*Collected data:*
:::::

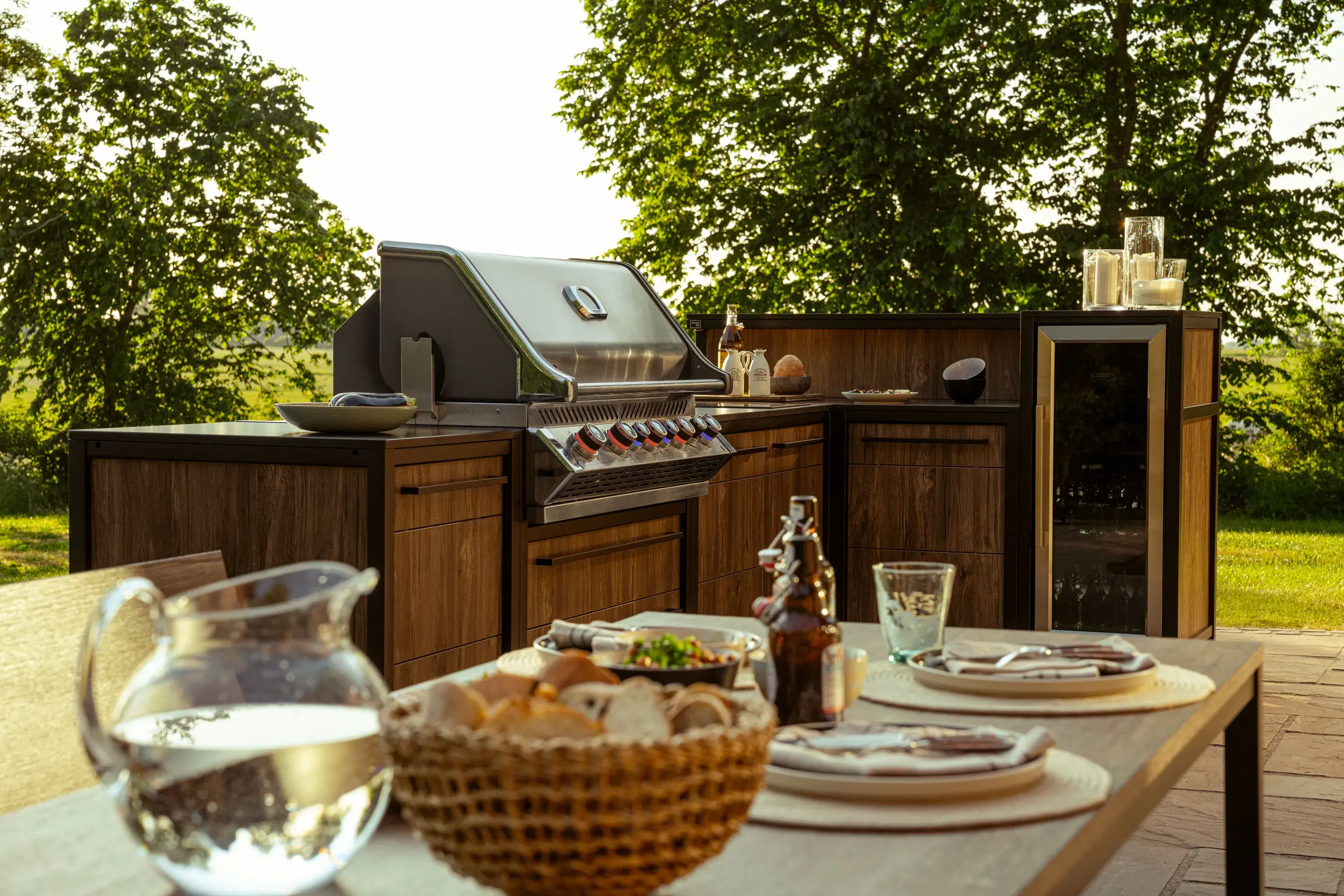 BURN Outdoor Kitchen in Holzoptik im Freien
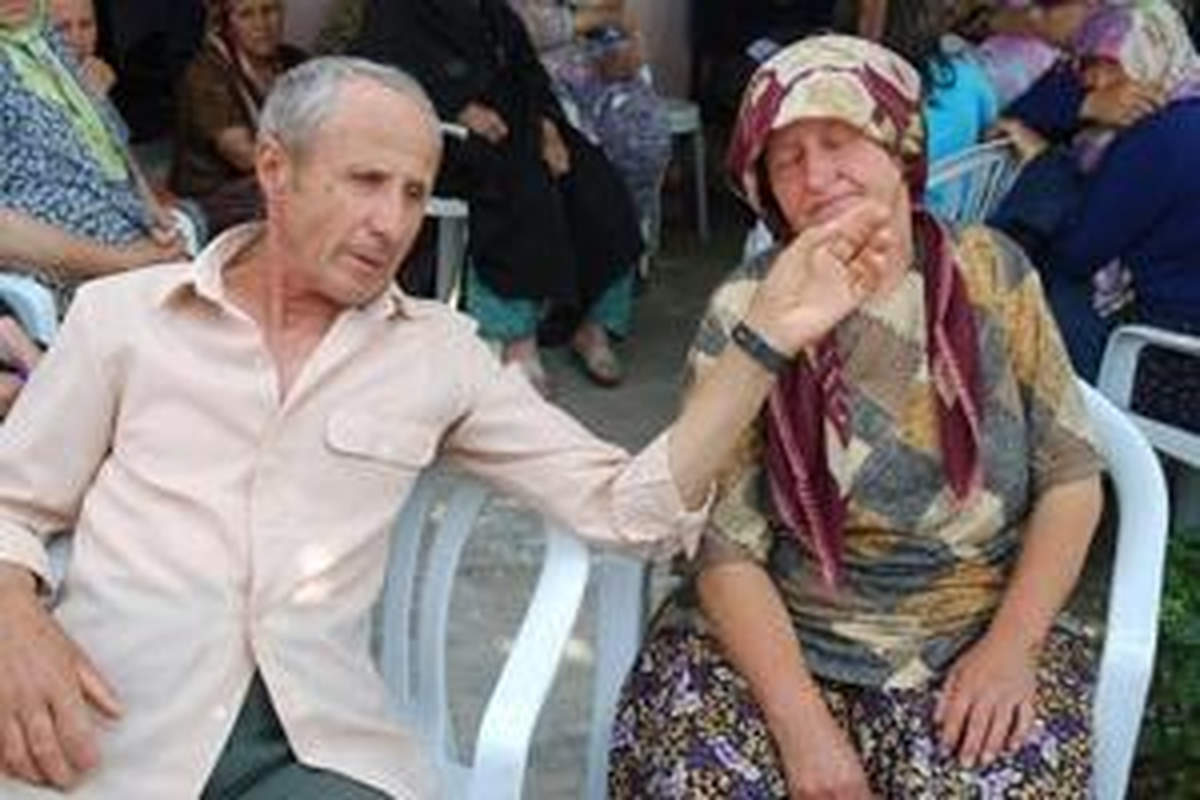 Şehit Er Yelken\'in Baba Evindeki Acı Dinmiyor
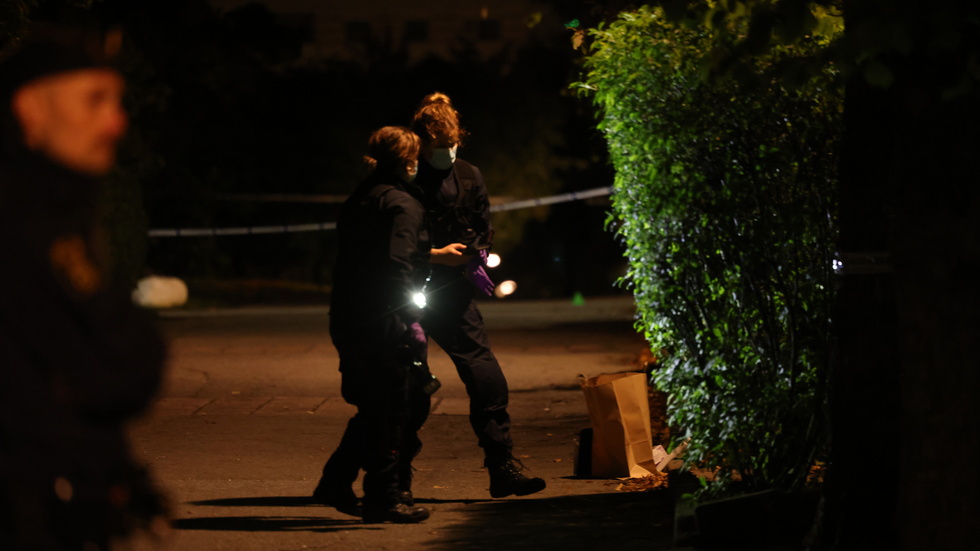 En man i 25-årsåldern sköts i Brandbergen under natten till torsdagen. Två män har anhållits misstänkta för mordförsök.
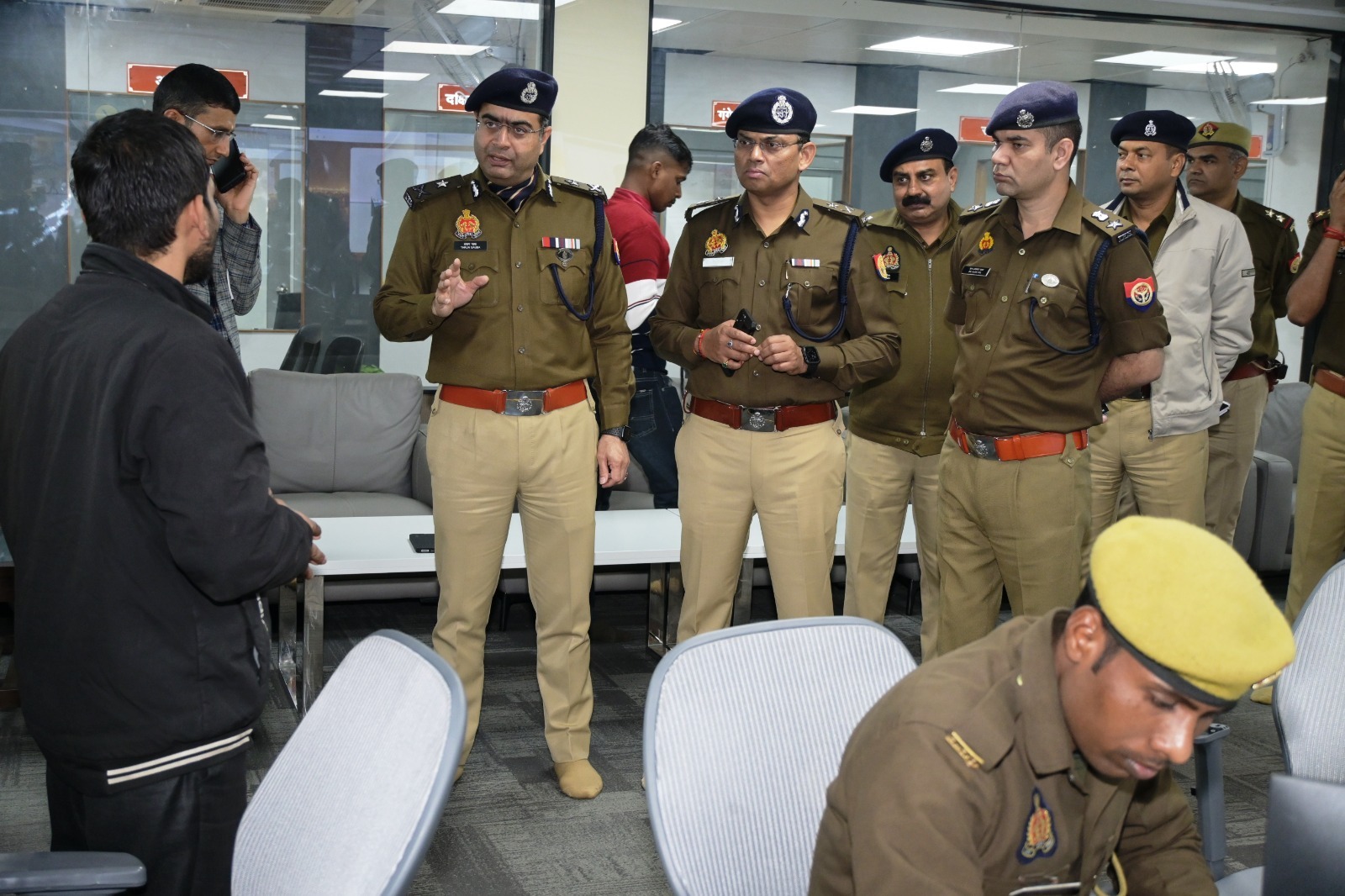 प्रयागराज- आईसीसीसी मेला प्राधिकरण सभागार में उत्तर प्रदेश राज्य आपदा प्रबंधन प्राधिकरण,महाकुम्भ मेला के दृष्टिगत कई प्रकार की आपदा प्रबंधन की तैयारी के सम्बंध में बैठक आयोजित की गई।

:::::

Give back the full listing exactly, with pictures dropped.

 BURN Outdoor Kitchen in Holzoptik im Freien
 Şehit Er Yelken\'in Baba Evindeki Acı Dinmiyor
 En man i 25-årsåldern sköts i Brandbergen under natten till torsdagen. Två män har anhållits misstänkta för mordförsök.
 प्रयागराज- आईसीसीसी मेला प्राधिकरण सभागार में उत्तर प्रदेश राज्य आपदा प्रबंधन प्राधिकरण,महाकुम्भ मेला के दृष्टिगत कई प्रकार की आपदा प्रबंधन की तैयारी के सम्बंध में बैठक आयोजित की गई।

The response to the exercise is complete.